Still, while there were things to admire, I have to wonder in the end: is such an Easy Reader version of Ian McEwan’s intricate, beautiful novel really necessary? And is it enough to be able to say, “Well, they didn’t screw it up too badly… They did quite okay”? And why, oh why, are so many reviewers infatuated with Keira Knightley?

P.S.: If my suspicion is correct, merely mentioning Keira Knightley in this blog entry should get me lots of hits.

P.P.S.: Sad, innit?

In which I revise my opinion on Hollywood’s favourite stick insect (slightly)

About a week ago I was informed by my love that we’d be watching Pride and Prejudice on Friday. Not the BBC six-hour extravaganza – that’s still on the menu for later – but the recent film version with Keira Knightley and Matthew “I’m an MI5 agent – get me out of here!” MacFadyen. Since I’d heard good things about the film, I resigned myself to my fate with rather less grumbling than might be expected. After all, I’m secure enough in my sexuality to watch a Jane Austen film without fearing to catch “the gay”.

No, no, no… It’s not what you may be thinking now. I wasn’t secretly thrilled at the thought of 2+ hours of Keira Knightley being all witty and sarcastic and sexy. Thing is, I don’t find her very sexy at all. She’s not ugly, but a) she’s too girlish and b) she’s too thin. Back when I saw Bend It Like Beckham, I thought that there’s a very attractive woman in this film, and her name is Parminder Nagra. Keira? I wouldn’t mind cooking a proper dinner for her, but that’s about as far as my feelings towards her go.

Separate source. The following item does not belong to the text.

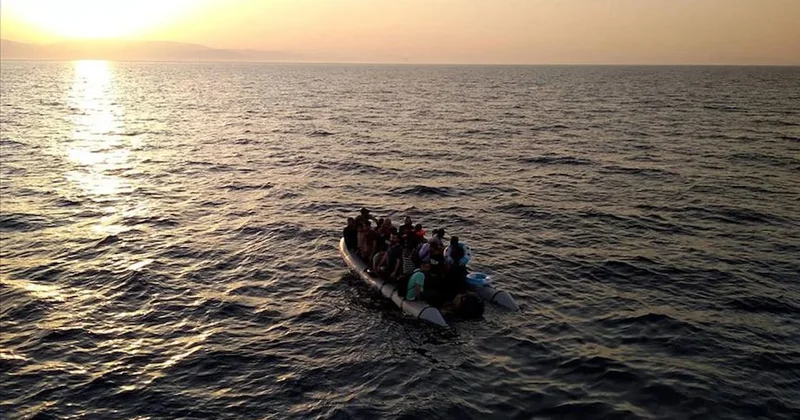 İzmir de Türk karasularına itilen düzensiz göçmenler kurtarıldı Sözcü Gazetesi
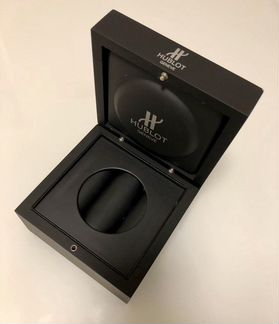 Коробка под запонки Hublot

C’mon… which one would you go for?

Also, I never thought that she was a great actress. All the films I’d seen her in, she was basically the same character: feisty heroine/modern grrrl who can hold her own with the boys. I mean, like, hello! Boring! (Or something to that effect.) However, I must say after watching Pride and Prejudice that there’s more to her, provided that the director and cinematographer and make-up artists and producers don’t keep telling me, “You must desire this woman! If you don’t, there’s something wrong with you!” Her Elizabeth Bennet was far more interesting than any of the other characters I’d seen her as.

In general, the film was surprisingly good. Now that I’m no longer teaching at an English Department, I can perhaps confess that I’m not too keen on Jane Austen. Sure, she’s witty, but I wish she’d written only one novel or perhaps short stories. Admittedly, I’ve only read Emma, but with the Austen film adaptations I’ve seen I always felt déjà vu. The 2005 P&P film has its faults: the pacing is off, with the beginning feeling rather rushed and the middle too leisurely; some of the more modern camera moves and edits fail because the film tries too hard to be “contemporary”; and there’s entirely too much giggling! But at least in the European version, there was something nicely understated about the romance: as a matter of fact, many of the romantic couplings are less about brainless passion than about a mutual liking combined with a sense of pragmatism. Or, in one case, about stupidity. And the film doesn’t try to gloss this over.

Finally, talking of gloss, or lack thereof: while the film looks lovely much of the time, it doesn’t go for the Heritage look where even dirt is disconcertingly clean. There’s mud, there’s geese and pigs (with big dangly man-bits – what a strange scene!), and things aren’t antiseptic. The film didn’t have the picture postcard look, the “Wish you were here in the 19th century with us!” feel that so many costume dramas insist on, and it was all the better for this.